## Task goal
Pictures excluded, reproduce exactly the lines below from the one with "Magnetic Hinge Hidden" through the one with "graffiti bubble gum", both included.

## Materials provided

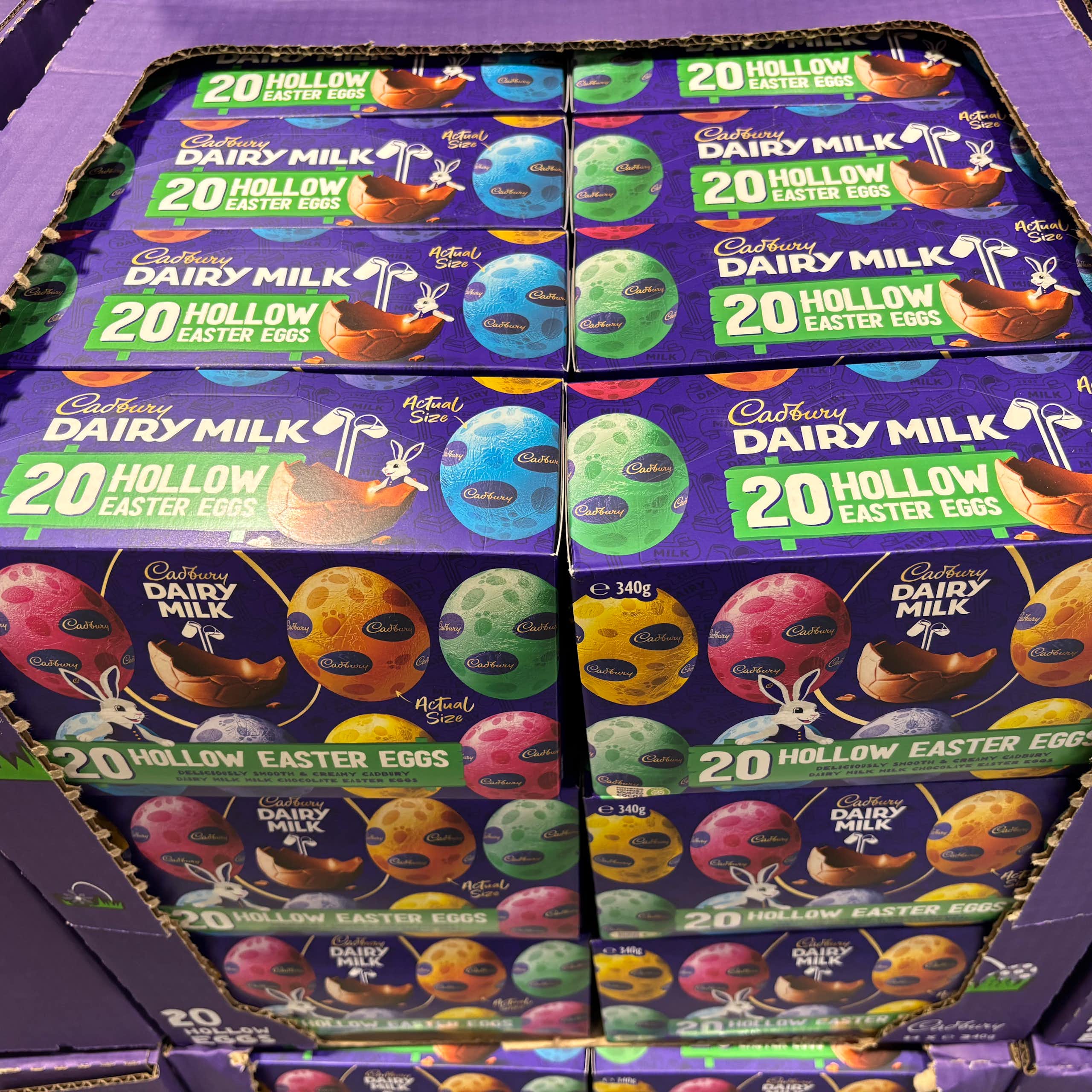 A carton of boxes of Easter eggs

...

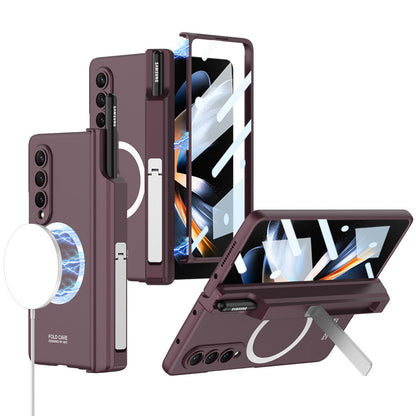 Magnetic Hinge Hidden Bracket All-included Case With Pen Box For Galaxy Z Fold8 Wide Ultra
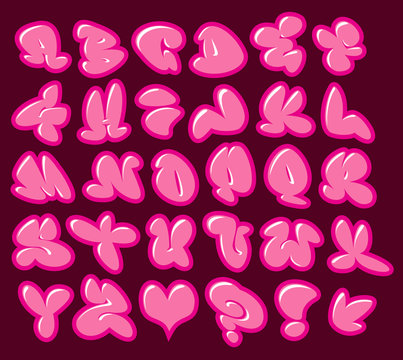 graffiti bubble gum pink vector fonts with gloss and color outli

---

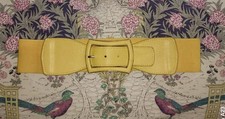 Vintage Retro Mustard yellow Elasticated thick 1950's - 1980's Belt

## Reply
 Magnetic Hinge Hidden Bracket All-included Case With Pen Box For Galaxy Z Fold8 Wide Ultra
 graffiti bubble gum pink vector fonts with gloss and color outli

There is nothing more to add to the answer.